上場廃止・企業の破たん
上場基準を満たさなくなったり、合併によって上場を取り下げた会社の株は「上場廃止」となる。証券取引書は、上場廃止基準に当てはまる恐れのある銘柄を「管理ポスト」に移すことによって、その銘柄が上場廃止になるかもしれないことを投資家に知らせる。
一度管理ポストに移された銘柄も、上場廃止基準に該当しないことがわかれば再び通常の取引に戻る。しかし、上場廃止基準に該当する場合は「整理ポスト」に移され、そこでしばらく取引された後に上場廃止となる。株主としての権利は会社がなくなるまで存続するが、上場廃止になった銘柄は取引所での売買はできなくなり、保管振替の利用も不可能となる。

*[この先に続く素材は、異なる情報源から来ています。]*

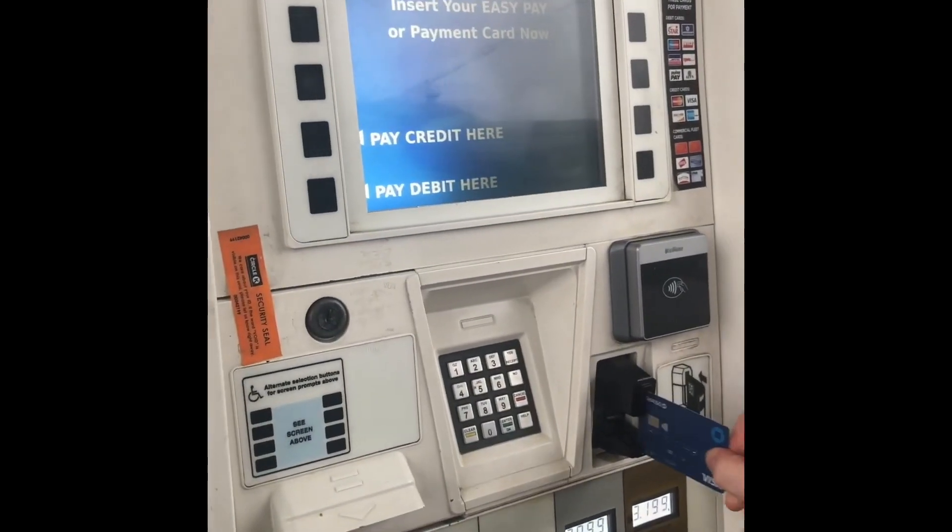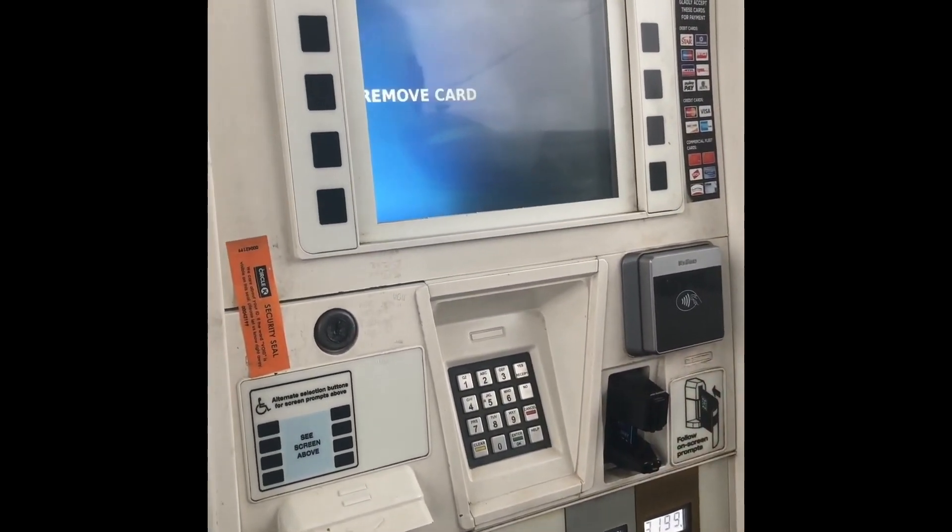Next you just want to insert your card, and then the screen may ask you a few questions and you'll just answer these accordingly.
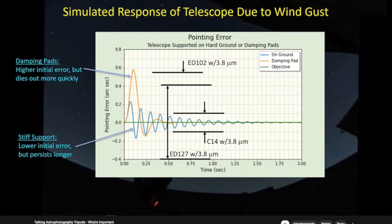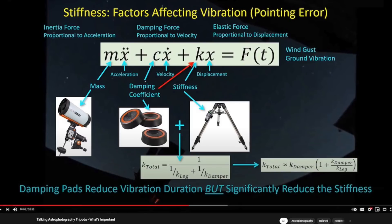There is one catch though with these vibration pads — we'll link a video where James Lamb explains that the vibration pads are good, but they kind of cancel out the stiffness of the tripod. That means if you have any wind, the pad will actually make things worse. So those pads are not good for a windy day — they're only good for smooth ground vibration scenarios. We'd consider buying those pads, just make sure you don't use them if it's windy.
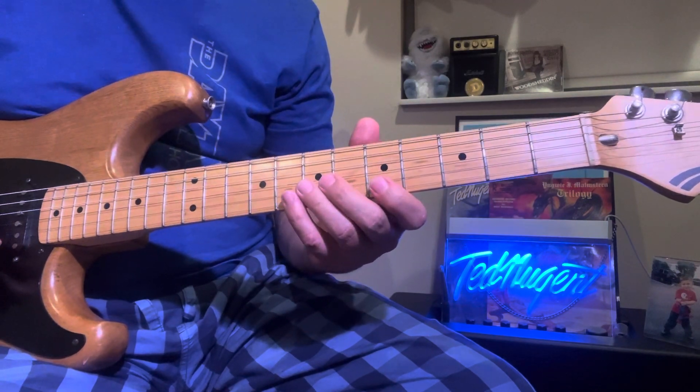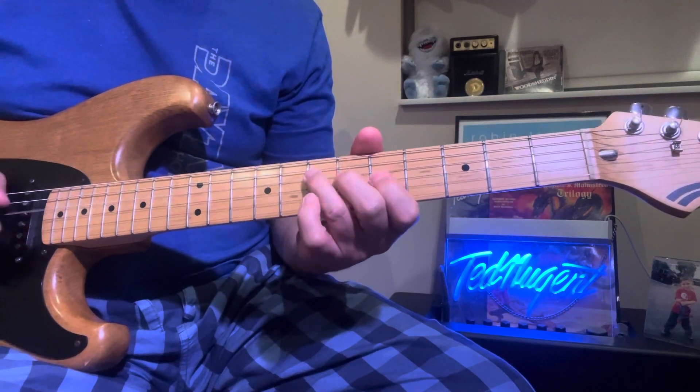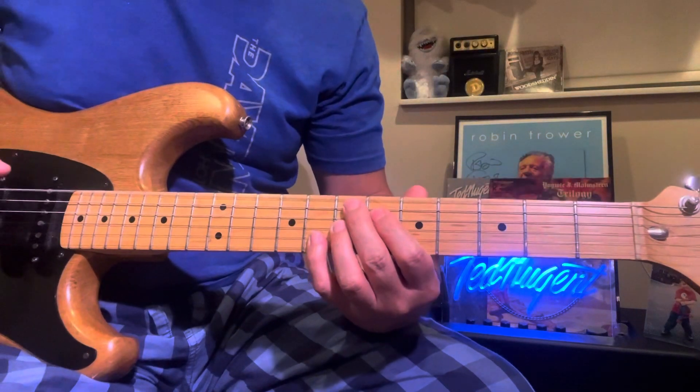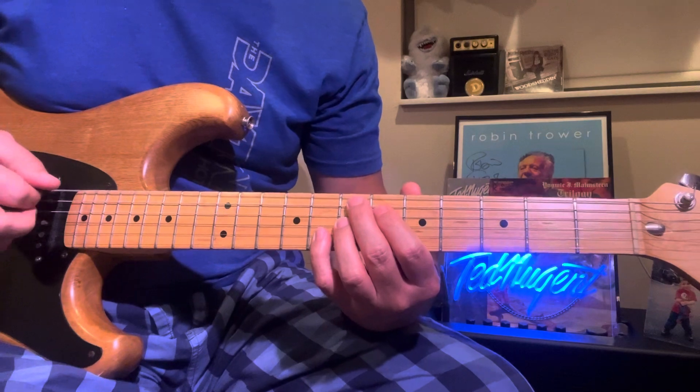That's all alternate picking. Then I hit open E — C7 sharp nine, sorry, E7 sharp nine.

会社更生法や民事再生法を申請して上場会社が破たんしたときは、速やかに「整理ポスト」に移され、株価が暴落するのが常だが、そこにて1ヶ月間程度取引することができる。わずかな金額にしかならなくとも投資資金を取り戻すには、その段階で株を売却するしかなく、売却できなければ投資資金はわずかも戻ってこない。文字通り株券が紙くずとなる。
これは確かな銘柄選びによりある程度防ぐことができる。株主の権利は破たんによって失われる事はない。株の売買をしている証券会社は売買の仲介をしているだけなので、例え破たんしても基本的に投資家に影響を及ぼすことはない。ネット取引の場合は保管振替を利用しているので、破たんした証券会社から別の証券会社へ振替する必要はある。